Y así, se daban vueltas en sus patinetes, como un día cualquiera, pero con vestidos largos y claveles de plástico en el pelo o en el ojal. Como nota de color, un padre se paseaba por el parque, con mañosa gris ribeteada de negro con parpusa a juego en la cabeza, pantalón oscuro, babosa blanca y un chotis sonando en el móvil, escondido en un bolsillo de su chaqueta. Los hijos le acompañaban con candor en el sentimiento regional y se paseaban en grupo, como hacen los chulapos y las chulapas, arriba y abajo, por la verbena de San Isidro. Pero, en este caso, alrededor del estanque en cuyo interior se encuentran los tres trozos del Muro de Berlín que tenemos en Madrid.

Después de unos días vacío, el agua había regresado y, por tanto, la cosa estaba mucho más tranquila. A pesar de ello, la pareja de policía municipal que se paseaba en círculos alrededor de esta plaza, tenía también ganas de verbena. En el poco rato que estuvimos allí, llamaron la atención a varias personas. Una de ellas, por haber penetrado con el carrito de su hija a la zona verde que rodea el pequeño estanque. La niña, ajena a la guerra contra los gérmenes, metía sus deditos en el agua y jugaba con ella. El siguiente objetivo de la autoridad fue un hombre que giraba alrededor del monumento, como si fuera una rotonda, junto a su hijo, también en bicicleta. Los agentes le dieron el alto y le hicieron bajar de ella. Le dijeron que era la hora del deporte de los niños, no de los mayores, y que si su hijo montaba en bicicleta, él debía seguirle a pie.

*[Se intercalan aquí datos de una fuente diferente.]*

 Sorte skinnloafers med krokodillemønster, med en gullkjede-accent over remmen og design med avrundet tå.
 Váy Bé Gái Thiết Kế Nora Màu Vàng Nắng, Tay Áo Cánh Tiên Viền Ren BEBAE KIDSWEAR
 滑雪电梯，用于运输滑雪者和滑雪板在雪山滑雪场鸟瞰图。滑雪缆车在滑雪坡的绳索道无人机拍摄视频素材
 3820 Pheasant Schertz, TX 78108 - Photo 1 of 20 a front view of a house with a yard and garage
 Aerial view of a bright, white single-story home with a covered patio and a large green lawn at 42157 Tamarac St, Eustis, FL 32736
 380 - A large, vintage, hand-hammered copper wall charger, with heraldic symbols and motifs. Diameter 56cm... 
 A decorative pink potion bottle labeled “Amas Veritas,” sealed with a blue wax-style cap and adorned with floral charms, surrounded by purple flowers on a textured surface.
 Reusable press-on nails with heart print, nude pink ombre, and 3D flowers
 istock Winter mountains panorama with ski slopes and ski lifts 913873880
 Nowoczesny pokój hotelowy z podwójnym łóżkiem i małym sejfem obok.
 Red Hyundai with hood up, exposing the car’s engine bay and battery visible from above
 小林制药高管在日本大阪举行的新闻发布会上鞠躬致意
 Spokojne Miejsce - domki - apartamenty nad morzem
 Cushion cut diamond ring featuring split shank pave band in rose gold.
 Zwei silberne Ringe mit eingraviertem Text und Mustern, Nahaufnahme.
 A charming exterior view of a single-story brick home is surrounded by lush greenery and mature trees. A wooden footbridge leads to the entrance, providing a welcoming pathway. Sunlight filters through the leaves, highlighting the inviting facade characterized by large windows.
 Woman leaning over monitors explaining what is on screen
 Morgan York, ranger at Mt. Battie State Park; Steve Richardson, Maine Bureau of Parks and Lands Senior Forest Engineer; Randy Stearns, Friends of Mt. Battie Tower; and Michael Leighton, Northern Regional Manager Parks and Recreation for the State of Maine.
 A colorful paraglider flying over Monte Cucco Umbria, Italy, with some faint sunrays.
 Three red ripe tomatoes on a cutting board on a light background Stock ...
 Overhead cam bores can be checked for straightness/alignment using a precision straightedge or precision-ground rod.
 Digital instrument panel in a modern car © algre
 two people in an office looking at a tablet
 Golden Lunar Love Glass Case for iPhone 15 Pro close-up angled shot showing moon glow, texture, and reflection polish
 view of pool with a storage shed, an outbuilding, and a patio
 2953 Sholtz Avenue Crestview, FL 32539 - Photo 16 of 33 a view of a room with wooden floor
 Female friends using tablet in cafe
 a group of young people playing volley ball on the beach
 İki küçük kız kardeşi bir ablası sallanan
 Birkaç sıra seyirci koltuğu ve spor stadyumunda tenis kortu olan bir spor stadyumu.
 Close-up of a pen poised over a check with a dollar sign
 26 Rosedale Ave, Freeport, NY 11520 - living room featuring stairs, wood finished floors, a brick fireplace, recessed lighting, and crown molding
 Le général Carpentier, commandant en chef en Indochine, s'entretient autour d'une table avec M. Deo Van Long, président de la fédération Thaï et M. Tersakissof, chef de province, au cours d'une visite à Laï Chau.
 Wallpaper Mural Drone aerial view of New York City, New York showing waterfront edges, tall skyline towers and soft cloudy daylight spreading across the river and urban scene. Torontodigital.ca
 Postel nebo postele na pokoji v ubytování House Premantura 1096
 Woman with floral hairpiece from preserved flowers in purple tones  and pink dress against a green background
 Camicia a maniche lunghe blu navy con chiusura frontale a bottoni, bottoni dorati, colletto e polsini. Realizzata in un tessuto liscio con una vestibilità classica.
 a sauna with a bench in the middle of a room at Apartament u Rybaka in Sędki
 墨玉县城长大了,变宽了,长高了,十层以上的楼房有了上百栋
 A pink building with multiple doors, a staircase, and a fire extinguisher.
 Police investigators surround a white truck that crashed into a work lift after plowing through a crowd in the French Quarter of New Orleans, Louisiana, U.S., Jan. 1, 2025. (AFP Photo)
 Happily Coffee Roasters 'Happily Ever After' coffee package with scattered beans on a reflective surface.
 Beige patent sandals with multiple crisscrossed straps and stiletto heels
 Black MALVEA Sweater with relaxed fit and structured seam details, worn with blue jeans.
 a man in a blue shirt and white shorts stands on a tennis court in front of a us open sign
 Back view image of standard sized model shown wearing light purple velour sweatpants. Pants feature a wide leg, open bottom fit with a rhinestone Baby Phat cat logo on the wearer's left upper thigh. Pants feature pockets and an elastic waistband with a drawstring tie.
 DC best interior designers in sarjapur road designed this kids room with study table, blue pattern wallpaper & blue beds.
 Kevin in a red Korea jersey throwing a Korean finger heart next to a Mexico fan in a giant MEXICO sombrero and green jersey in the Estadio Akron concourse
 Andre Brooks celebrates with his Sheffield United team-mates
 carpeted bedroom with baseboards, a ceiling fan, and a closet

Todo esto sucedía ante la atenta mirada del mismo hombre con loro en el hombro y tortuga gigante en la mano que observaba la actuación policial desde exactamente el mismo sitio que la semana pasada. Cuando el padre ciclista se rindió y dejó de discutir con ellos, la pareja se dirigió a una chica, que se había metido en una zona verde sin apertura, saltando la verja separadora de diez centímetros. Finalmente, los policías abandonaron la zona para dirigirse a otra área del parque, pasando por alto al del loro y la tortuga, que ni llevaba hijo ni perro y que, además, yacía tumbado en una zona verde sin apertura. Algunos nos miramos entre nosotros, sin entender bien el criterio.

Regresamos a casa, hacia el sur del barrio, con aires chulescos y pensando en hacer unas rosquillas. Por la noche, mis vecinas hacen sonar a todo trapo la versión de Los nardos que grabaron Alpargata y Ombligo y que comienza diciendo: “En la plaza de los Carros, en el barrio La Latina, los chinos hacen parné vendiendo birras y en la calle Lavapiés un moro senegalés juega a la pelota con un bangladés”. La canción despertó aplausos sinceros y, a lo lejos, me pareció oír, algún golpe de cuchara de palo contra el fondo de un cacharro y un sonoro cierre de ventana corredera. O lo mismo es que se nos había hecho tarde.

Tras los aplausos de este domingo, una vecina preguntó cuántos días más seguiremos saliendo a las ocho. Mis vecinas le contestaron que, mientras la Marea Blanca no desconvoque, ellas seguirán saliendo. Aquella contestó que le parecía bien, pero que “las mareas negras” no paraban de mandarle mensajes. “¡Marea Blanca! ¡Marea Blanca! —contestaron ellas— no hay que hacer caso a las mareas negras”. 

La situación actual de nuestras marejadas nos indica que hay 231.350 contagiados en España. 1.830.728, en Europa y 4.434.653, en el mundo. La previsión para mañana sigue siendo ascendente.